I’ve worked on games that were received horribly, and games that I hope will be embraced. I’ve experienced countless conferences, get-togethers, roundtables, raging debates over coffee — and each seems so exhaustively focused on whether games are art, and how to defend that idea, or even what constitutes a “game.”
It’s the wrong debate to be having.
Are video games art? Yes. Should we move on? Yes.
What defines a game? Is it the controller? Is it the interaction? Is it the mechanics? Is it all of these things? Do we really care to know?
Sounds like an endless spiral to me.
Maybe that’s an interesting point of debate for some, but focusing on this alone is harming the industry and how we perceive ourselves as artists. Balance is survival and we lack balance.
When the Cahiers du Cinéma came onto the scene in 1951, it helped define the idea of auteurism in film (Andrew Sarris would develop this into auteur theory). French critics had noticed a particular group of films seemed to share a similar vision, with the common thread being the director. It completely changed how Hollywood and the world looked at Hitchcock, Lang, Godard, and Renoir, and would allow later critics to look at the works of Scorsese, Coppola, Spielberg, and Jonze, and have the vocabulary to describe the feeling they had when experiencing someone’s vision on celluloid.
We must do the same. Now. We need to start hailing our auteurs as such. Beyond that, we need to start recognizing that those who strive for that vision, who work towards that goal, are artists themselves. Whether coders, concept, modelers, writers, audio designers, quality control, level designers, or animators, we are all artists working towards a vision — the game.
Take Journey — a game that created the most meaningful multiplayer experience I’ve ever had. Bar none. It is the potential for artistry in games defined. Where were the critiques of its impact on the world? Why weren’t we speaking to those outside of our art form?

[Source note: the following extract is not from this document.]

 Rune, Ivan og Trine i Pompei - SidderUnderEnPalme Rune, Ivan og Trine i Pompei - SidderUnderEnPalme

The strong lack of willingness to talk to other mediums is surprising, and our loss alone. We desperately need to start using their vocabularies, ones that have quite literally been developed over centuries (canvas, photography, film, music). Or we must simply strive better to develop our own.
As a narrative designer I often get inspiration from going to the theatre, attending a gallery opening, seeing a new band perform, just as much as I do from downloading the latest XBLA title. We, as devs, need more opportunities to embrace other artists, and see what makes them tick.

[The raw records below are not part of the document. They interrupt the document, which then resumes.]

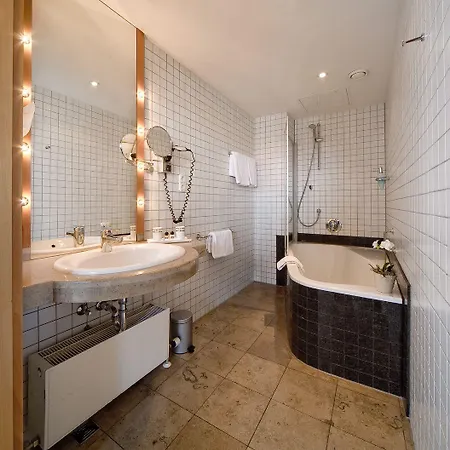 Theresientor 4* Straubing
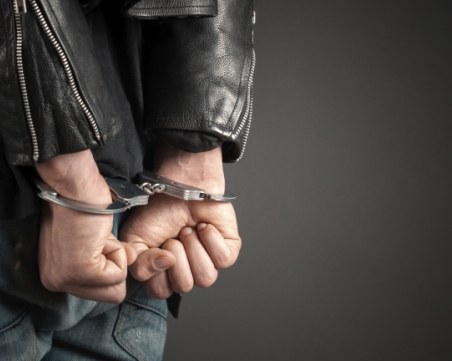 Арестуваха биячите, нахлули с метални прътове в училище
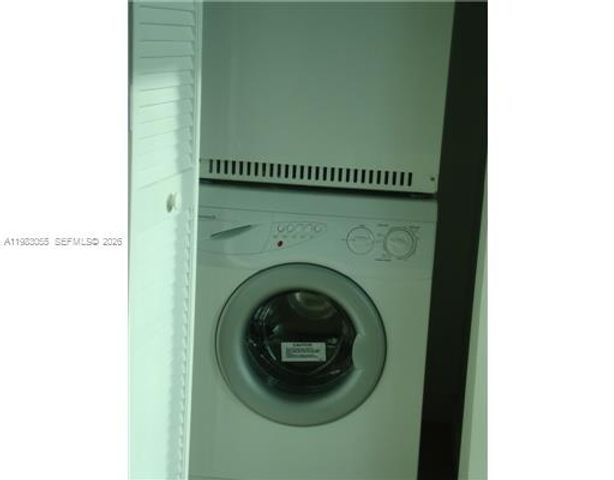 300 S BISCAYNE 2611, Miami, FL 33131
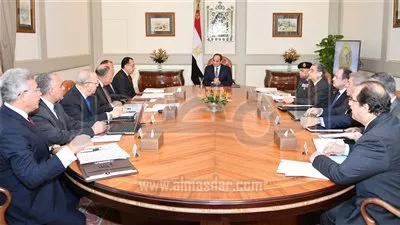 الرئيس السيسي يبحث مع المسؤولين تداعيات نقل السفارة الأمريكية للقدس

But before that can happen, there needs to be a revolution in how we talk about video games. I’m just one game developer. But I know from my own experience that game devs are desperate to be talked to as the artists they are.

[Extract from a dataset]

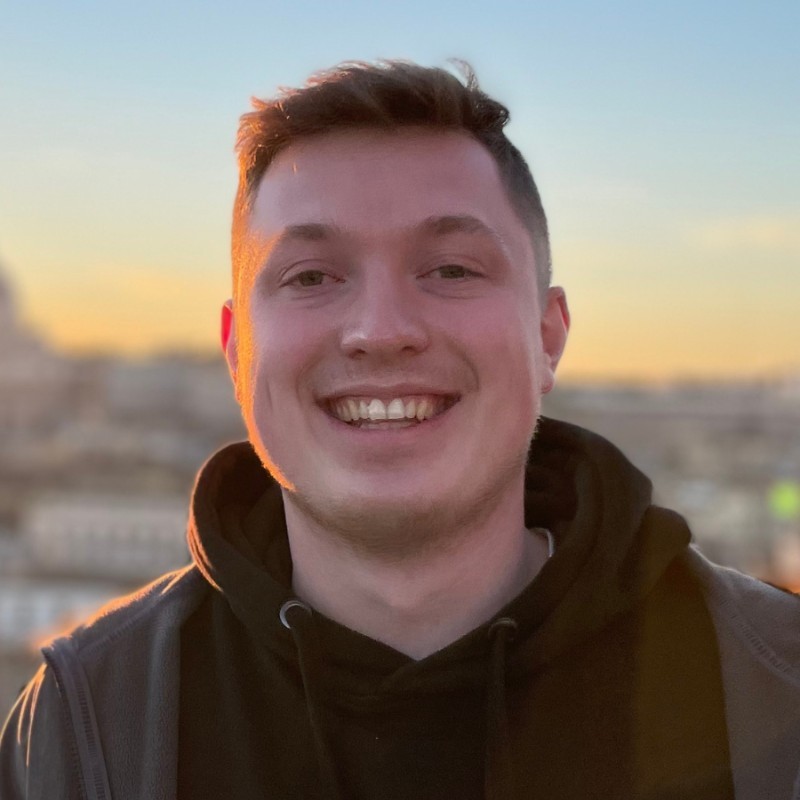 Social Media & Community Manager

Vander Caballero makes a game about his experiences dealing with his father’s alcoholism. He is an auteur in the purest sense.
Hideo Kojima. Auteur.
Ken Levine. Auteur.
Maxime Béland. Auteur.
Patrice Désilets. Auteur.
Jonathan Morin. Auteur.
Tim Schafer. Auteur.
Look at the wiki pages of the games these amazing artists have worked on. Sometimes their names aren’t even listed in the sidebar.
And does all of this mean I think Call of Duty isn’t art? Absolutely not. Who are we to define what art is? What a pointless exercise!
Who am I to judge how someone enjoys the latest Call of Duty or Gran Turismo or Journey or Monkey Island? These games represent an entire team’s worth of art! And it’s beautiful!
Abram Zimmerman, when he was alive, once said to his son, “Isn’t an artist a fellow who paints?”
His son became known to the rest of us as Bob Dylan.
This is our new wave. Let’s embrace it!